On the other hand, there are only a limited number of studies that concentrate on identifying parameters for discrete chaotic systems [23,24,25]. A challenge is posed in identifying the parameters of discrete chaotic maps due to the increased sensitivity of the parameters in discrete nonlinear systems. This motivated us to create a novel SI optimization algorithm to precisely determine the parameters of a discrete memristive chaotic system.

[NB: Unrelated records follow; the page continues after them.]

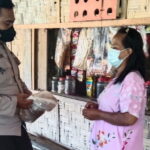 Bhabinkamtibmas Lakukan Pengecekan Stok Minyak Goreng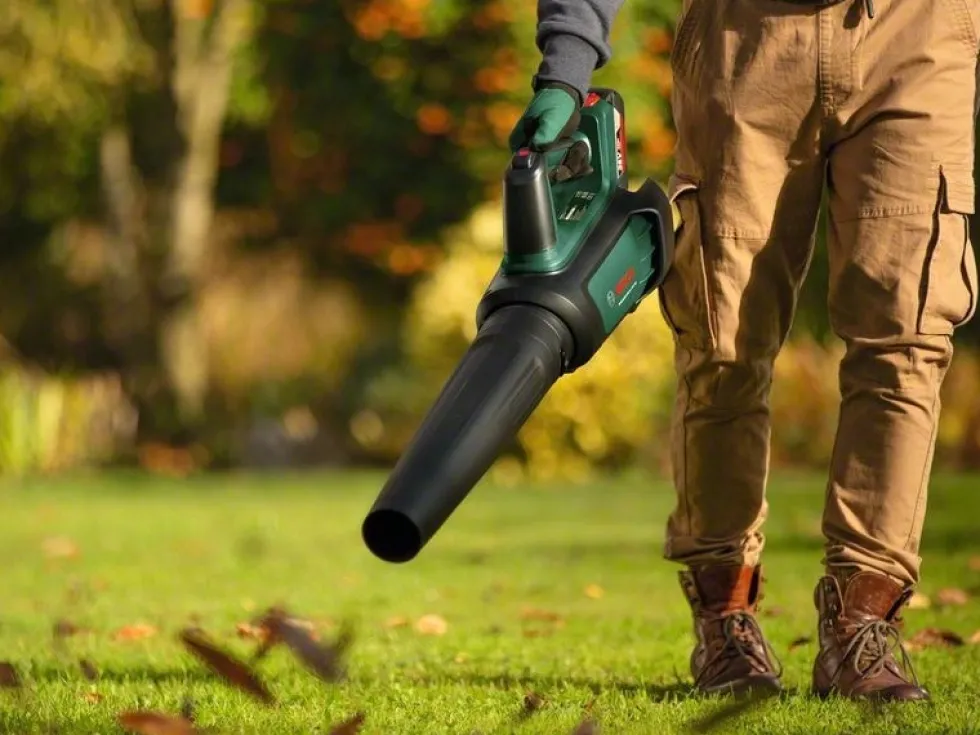 Bosch Lövblås ADV 36-750 utan batteri & laddare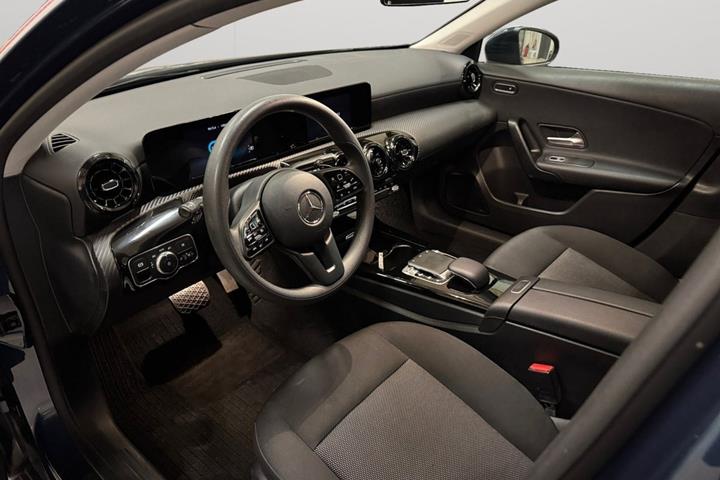 Blå Mercedes A250 e fra 2020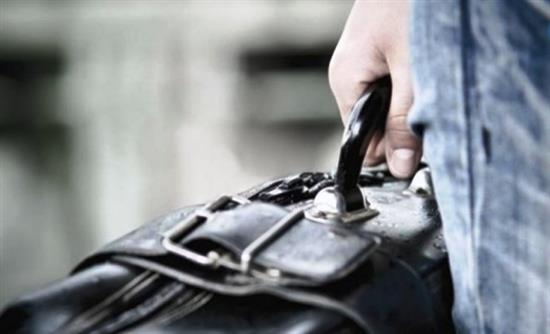 Τι δείχνει έρευνα για τη φυγή νέων στο εξωτερικό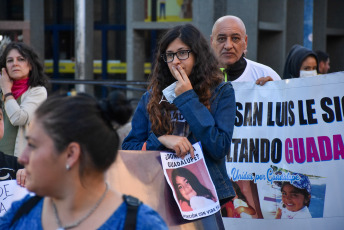 San Luis, Argentina.- En las fotos tomadas el 29 de enero del 2024, familiares y amigos de Guadalupe Lucero, la niña desaparecida hace más de 2 años en San Luis, realizaron una marcha para exigir que continúe la búsqueda de la menor. El gobernador Claudio Poggi, recibió a familiares de Guadalupe Belén Lucero y se comprometió a poner a disposición todo lo necesario para visibilizar y esclarecer el caso de la niña, de quien no hay noticias desde el 14 de junio de 2021. Para su familia, la pequeña, que en ese entonces tenía 5 años, fue secuestrada.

In 2022, Trojovský P. et al. [26] proposed a novel SI optimization algorithm named the Pelican Optimization Algorithm (POA). It was designed by imitating the behaviors exhibited by pelicans when searching for and acquiring food. In comparison to eight renowned SI optimization algorithms, the POA attains exceptionally comparative performance through the maintenance of a harmonious equilibrium between exploration and exploitation. Therefore, the POA is used to solve some real-world applications. Despite its usefulness, the conventional POA is also prone to succumbing to local optimization. To circumvent this issue, several scholars have suggested alternative, enhanced techniques. Tuerxun et al. [27] introduced Tent chaos to augment the population diversity and incorporated a dynamic weight factor to facilitate the pelican’s continual position update. These methods outperform traditional POAs and yield superior results in ten benchmark functions. However, the execution times of different algorithms are not compared in [27]. In this study, a modified POA called the FPPOA is proposed. The main contributions of this paper can be outlined as follows.

(1)

We used fractional-order chaotics to initialize the population members of the POA instead of random initialization;

(2)

We employed the Pareto distribution to accelerate global convergence and prevent it from being trapped in a local optimum;

(3)

The improved POA was tested with benchmark functions;

(4)

The FPPOA was employed to determine the parameters of an exemplary chaotic system.

2. Methods

2.1. Theory of Parameter Identification

Suppose an n-dimensional chaotic system at its starting point has m parameters. This system can be described with Equation (1):

$$\dot{X}=F\left(X,X_0,\theta \right)$$

(1)

where the system’s state vector is denoted by $X={\left(x_1,x_2,\dots ,x_n\right)}^T\in R^n$, $\theta ={\left({\theta }_1,{\theta }_2,\dots ,{\theta }_m\right)}^T\in R^m$ is system parameter vector, $X_0$ is the initial state, and $F:R^n\ast R^m\to R^n$ is a given nonlinear vector function.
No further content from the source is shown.